Forum: Fable 2 Development Coding RSS
Bogus BNK File Entries

Announcement

2008-11-05, 12:54 by Keshire
Rules for posting on this site.
Follow them or have your posting rights removed or be banned.

CUT: Full List Of Rules

If you have a problem with these rules, don't come here.

Failure to not read the stickies on forums (like this one) is not an excuse.  Failure to read this post is also not an excuse.
LittleCodingFox #1
Member since Nov 2008 · 47 posts
Group memberships: Members
Show profile · Link to this post
Subject: Bogus BNK File Entries
Hello everyone.

I'm having a bit of an issue regarding BNK File Entries.

I read the BNK File Header, and then seek to the offset of the File Data (as described on the Formats thread), however when i read the File Table, i get a bogus number of entries (about 120 million), which is obviously wrong.

When exactly should i read the BNK File Entries? Should i read it just after reading the BNK Header and CompressedTable?

Here is my File Table reading function:

void IFileTable::DeSerialize(CStream Stream)
{
    unsigned long FileCount = 0;
    READV(FileCount, sizeof(unsigned long), 1);
    Entries.Allocate(FileCount); //I breakpoint here to check FileCount
    for(unsigned long i = 0; i < Entries.Size(); i++)
    {
        Entries[i].Swap(new IFileEntry);
        Entries[i]->DeSerialize(Stream);
    };
};

The BNK Header reading function:

void IBNKHeader::DeSerialize(CStream Stream)
{
    READV(Offset, sizeof(unsigned long), 1);
    READV(Unknown, sizeof(char), 4);
    READV(CompressFileData, sizeof(unsigned char), 1);
    READV(CompressedTableSize, sizeof(unsigned long), 1);
    READV(DecompressedTableSize, sizeof(unsigned long), 1);
    if(CompressedTableSize)
    {
        CompressedTable.Allocate(CompressedTableSize);
        READV(CompressedTable[0], sizeof(char), CompressedTableSize);
    };
};

And here's what READV is:

#define READV(object, size, count)\
    Stream->Read(&object, size, count);\
    EndianConvert(&object, size * count, true);

I hope someone can give me a hint as to what i am doing wrong.

Thank you for your time regarding this issue, and have a nice day!

EDIT: If it isn't obvious, the "CompressFileData" flag is 0.
This post was edited on 2008-11-11, 09:53 by LittleCodingFox.
Avatar
JohnDoe (Moderator) #2
User title: Community Pet
Member since Nov 2008 · 37 posts · Location: Texas
Group memberships: Global Moderators, Members
Show profile · Link to this post
Wrong endian perhaps? XBox360 uses big endian. The only reason I think of this is that someone else had such a misunderstanding, maybe it applies here but without knowing which file and the exact number of entries, I can't check. ;-)
An optimist is a pessimist in the making.
LittleCodingFox #3
Member since Nov 2008 · 47 posts
Group memberships: Members
Show profile · Link to this post
I'm already converting from Big Endian to Little Endian. Maybe the issue is with how i convert it then.

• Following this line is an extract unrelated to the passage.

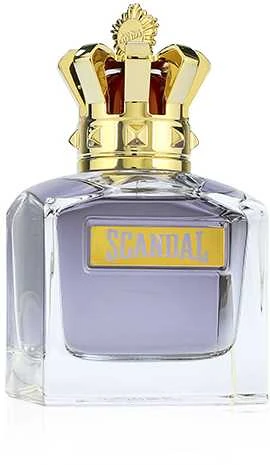Jean Paul Gaultier Scandal Pour Homme EDT tualetinio vandens užpildas, 100 ml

I'm not at home right now, so i cant show you the code for my endian conversion code, but i'll post it later.

As a side note, when i open skeletalmorphs.bnk on notepad (i'm using it for my BNK Reader, too), i can actually read the text file in there as a normal text file, not an inverted text file (as you'd expect from big to little endian). Is that normal?
Avatar
Keshire (Administrator) #4
Member since Nov 2008 · 43 posts
Group memberships: Administrators, Members
Show profile · Link to this post
I didn't think ascii files followed endian?
Apathy Cannot Inspire.
Ambivalence cannot lead.
Loved me. Feared me.
Changed me. Killed me.
Anything would be something.
But nothing is worst of all.
LittleCodingFox #5
Member since Nov 2008 · 47 posts
Group memberships: Members
Show profile · Link to this post
Oh, right, sorry. I dont have a very good understanding about endianess, so i guess that'd be what you call a "newbie error".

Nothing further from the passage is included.